In 1947 the Indian Office was formally renamed the Bureau of Indian Affairs. At the same time, Congress was looking at the possibility of dismantling the agency and terminating federal relations with Indian tribes. In anticipation of ending the BIA, the responsibilities for Indian health treatment was transferred from the BIA to the Public Health Service (PHS). Many people felt that this transfer would provide better care for Indians because the PHS has more resources and political clout. Today the Indian Health Service remains a part of PHS rather than the BIA.

In 1977, the Bureau of Indian Affairs was upgraded within the Department of the Interior and the head of the agency was designated as the Assistant Secretary for Indian Affairs. Within the governmental bureaucracy, assistant secretaries have more influence over budget decisions and they have greater access to members of Congress. The position of Assistant Secretary for Indian Affairs is a political appointee who serves at the pleasure of the President. As political appointees, the Assistant Secretary for Indian Affairs carries out the mandates and policies of the President with little input or consultation by or with tribal leadership.  

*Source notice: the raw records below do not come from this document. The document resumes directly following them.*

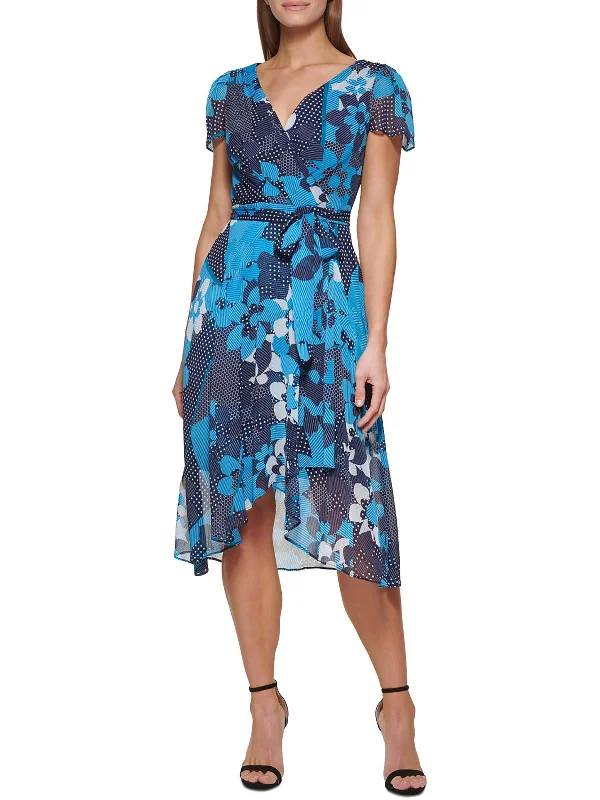 Womens Floral Print Knee-Length Wrap Dress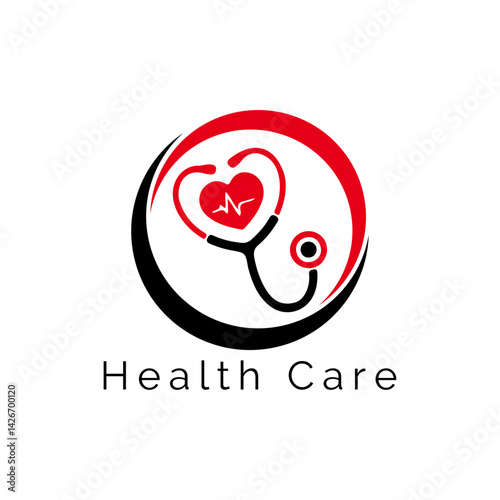 Health Care Symbol Logo Design: A visually striking emblem portraying the essence of health and wellness. The heart symbolizes life's core, paired with a stethoscope, all harmoniously presented. 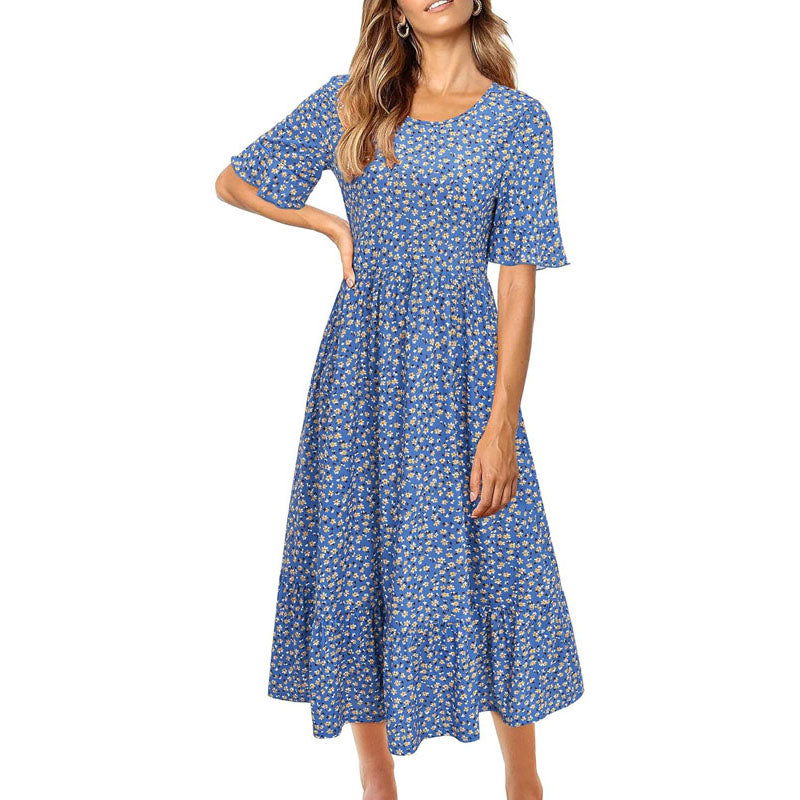 Women 2024 Summer Dress Floral Short Sleeve Ladies Casual Swing Midi Dress with Pockets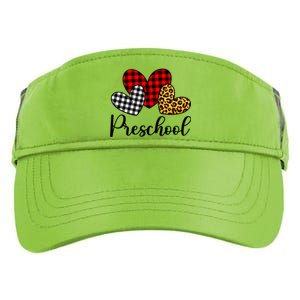 Preschool Teacher Happy Valentines Day Red Plaid Leopard Meaningful Gift Adult Drive Performance Visor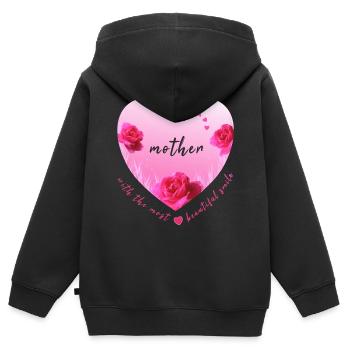 mother Mummy mom mama - Kinder Premium Organic Zip Hoodie - Schwarz - Hinten - AI Model Kid Male (0cm)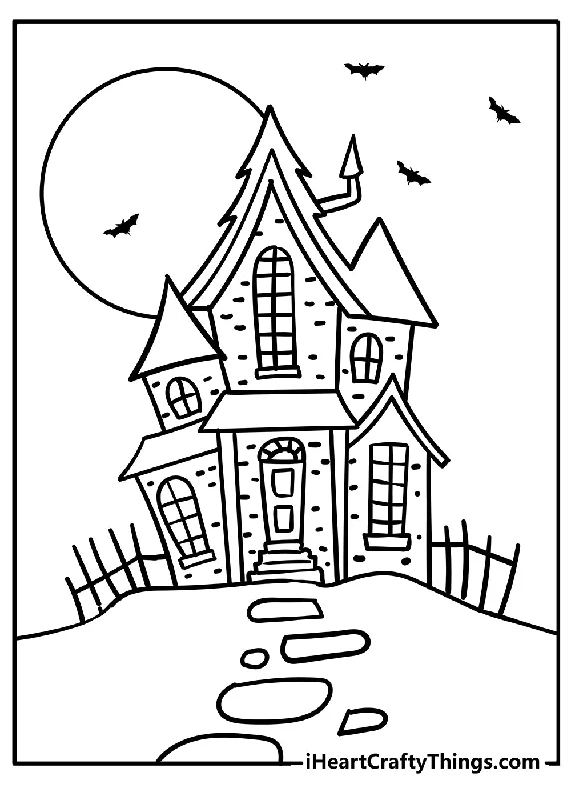 Haunted House Coloring Book - 15 pages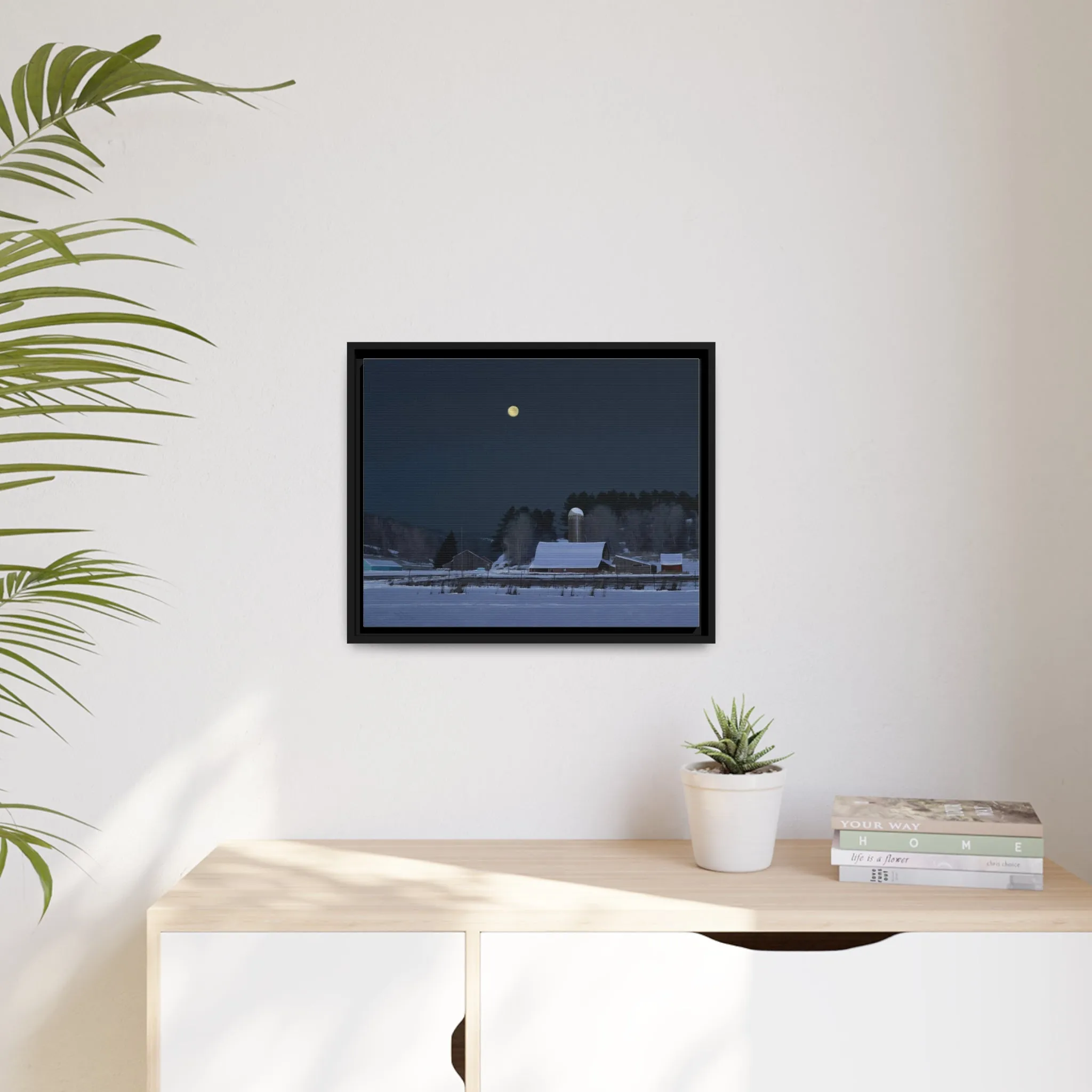 Ben Bauer: "Moonset, 7 Minutes to Sun Up" - Framed Canvas Reproduction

Larry Echo Hawk is currently serving as the Assistant Secretary for Indian Affairs. Mr. Echo Hawk, a member of the Pawnee tribe, is the 11th Assistant Secretary for Indian Affairs to be sworn in since the position was established by Congress. Prior to his appointment, Mr. Echo Hawk served for 14 years as a Professor of Law at Brigham Young University’s J. Reuben Clark Law School where he taught Federal Indian law, criminal law, criminal procedure, evidence, criminal trial practice, and published several scholarly papers.

The BIA does not deal with all American Indian tribes, but only with those tribes which have federal recognition. Traditionally, the government has sought to limit the number of tribes and the number of Indian people which it has to recognize. In the recent meeting with President Obama and tribal leaders, only federally recognized tribes were asked to attend. Leaders and members of other tribes often feel that they are left out of the process.

There are also some who feel that the BIA, as an instrument of colonialization, has outlived its purpose and should therefore be dissolved. The question for the twenty-first century is what should the role of the BIA be in tribal life, and, conversely, what should the role of Indian nations be in American government?